# COM SCI M151B Week 7

## Aidan Jan

## November 14, 2024

### Cache Block

- Instead of storing 1 byte per row, we can store a block with multiple bytes.
  - Every time we need to load something to the cache, we load it at block level. (Spatial Locality)
  - We still send things to the CPU at byte level
    - \* How to do that?  $\rightarrow$  We need *block offset* to decide which byte within the block should be selected!
  - How big a block should be? It depends! Typically somewhere between 8B-64B.
- Therefore, Cache Address = {tag, index, block offset}

# A 64B Direct Mapped Cache



• Address is used to select index, of tag, which selects "rows", and block offset selects the word "columns".

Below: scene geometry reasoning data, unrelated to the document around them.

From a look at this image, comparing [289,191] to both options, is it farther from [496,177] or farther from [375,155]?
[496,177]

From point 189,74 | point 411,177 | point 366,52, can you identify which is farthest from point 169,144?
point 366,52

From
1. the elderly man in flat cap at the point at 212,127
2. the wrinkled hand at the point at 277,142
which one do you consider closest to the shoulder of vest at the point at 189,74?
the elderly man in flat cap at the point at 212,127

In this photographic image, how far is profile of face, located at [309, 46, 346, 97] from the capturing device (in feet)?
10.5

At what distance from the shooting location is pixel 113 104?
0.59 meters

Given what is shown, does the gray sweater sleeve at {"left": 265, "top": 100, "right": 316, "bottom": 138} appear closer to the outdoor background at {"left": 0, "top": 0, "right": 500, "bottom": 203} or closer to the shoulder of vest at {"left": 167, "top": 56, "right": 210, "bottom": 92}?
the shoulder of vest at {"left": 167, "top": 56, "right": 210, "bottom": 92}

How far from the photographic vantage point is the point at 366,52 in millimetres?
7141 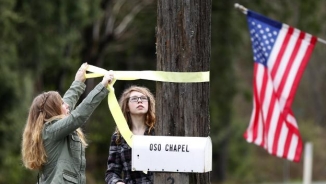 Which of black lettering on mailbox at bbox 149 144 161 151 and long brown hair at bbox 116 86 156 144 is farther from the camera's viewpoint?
long brown hair at bbox 116 86 156 144

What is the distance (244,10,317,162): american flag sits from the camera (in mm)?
12453

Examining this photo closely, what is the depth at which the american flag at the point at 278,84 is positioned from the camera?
1245 centimetres

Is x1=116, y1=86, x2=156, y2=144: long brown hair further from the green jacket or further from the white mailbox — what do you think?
the white mailbox

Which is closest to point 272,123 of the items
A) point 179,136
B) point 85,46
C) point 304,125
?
point 179,136

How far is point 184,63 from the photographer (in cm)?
639

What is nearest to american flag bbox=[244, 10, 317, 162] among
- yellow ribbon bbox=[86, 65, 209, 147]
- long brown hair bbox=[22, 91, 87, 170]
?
long brown hair bbox=[22, 91, 87, 170]

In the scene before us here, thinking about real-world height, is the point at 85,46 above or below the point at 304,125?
above

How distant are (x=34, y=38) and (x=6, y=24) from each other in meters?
2.78

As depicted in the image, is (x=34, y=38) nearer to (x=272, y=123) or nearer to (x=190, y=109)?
(x=272, y=123)

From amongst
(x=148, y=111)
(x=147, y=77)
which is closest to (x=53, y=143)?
(x=148, y=111)

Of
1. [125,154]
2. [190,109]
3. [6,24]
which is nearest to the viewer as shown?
[190,109]

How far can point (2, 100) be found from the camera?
25.1 m

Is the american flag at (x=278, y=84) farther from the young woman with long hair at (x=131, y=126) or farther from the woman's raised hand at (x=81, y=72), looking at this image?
the woman's raised hand at (x=81, y=72)

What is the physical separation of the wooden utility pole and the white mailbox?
3.1 inches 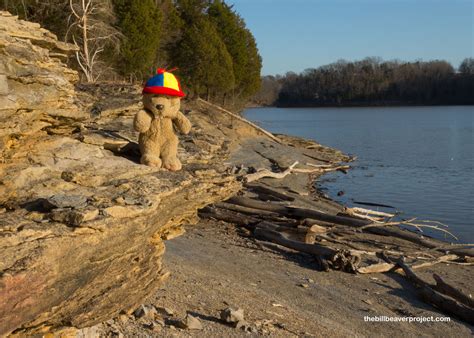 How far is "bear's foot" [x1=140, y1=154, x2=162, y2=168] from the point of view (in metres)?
7.22

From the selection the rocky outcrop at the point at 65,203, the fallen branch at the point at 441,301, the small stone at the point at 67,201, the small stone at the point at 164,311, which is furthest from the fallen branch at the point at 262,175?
the small stone at the point at 67,201

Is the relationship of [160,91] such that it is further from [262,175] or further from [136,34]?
[136,34]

# A 64B 2-way Set Associative Cache



- Compared to the direct mapped cache, the tag is two bits shorter to make way for an index.
- Here, the tag is used to select which "Way" is used, and the two bits of the index selects the row. The block offset then gets the column.

### **CBS**

- $C = \log(bytes per cache)$
- $B = \log(bytes per block)$
- $S = \log(blocks per set)$



## How Big A Block Should Be?

- Bringing more data is nice because you have spatial locality
- However, it is not always the best idea because it increases overhead

• You are essentially making a trade off between miss rate and miss penalty.

### Reducing Miss Rate

- Miss rate can be reduced by making blocks bigger, but that comes at the trade-off of miss penalty.
- What if we increase associativity? (e.g., add more ways)
  - More ways leads to higher hit time. (As log(cache size) increases, miss rate drops, but it drops following an exponential decay function. "diminishing returns")
  - An 8-way set associative cache is as good as fully-associative. After that, the limit is capacity
    miss.
- We can also increase cache size. But this leads to slower hit time. Making cache larger also has diminishing returns!
- Prefetching: Idea: if we can guess the access pattern we can bring data before it is needed!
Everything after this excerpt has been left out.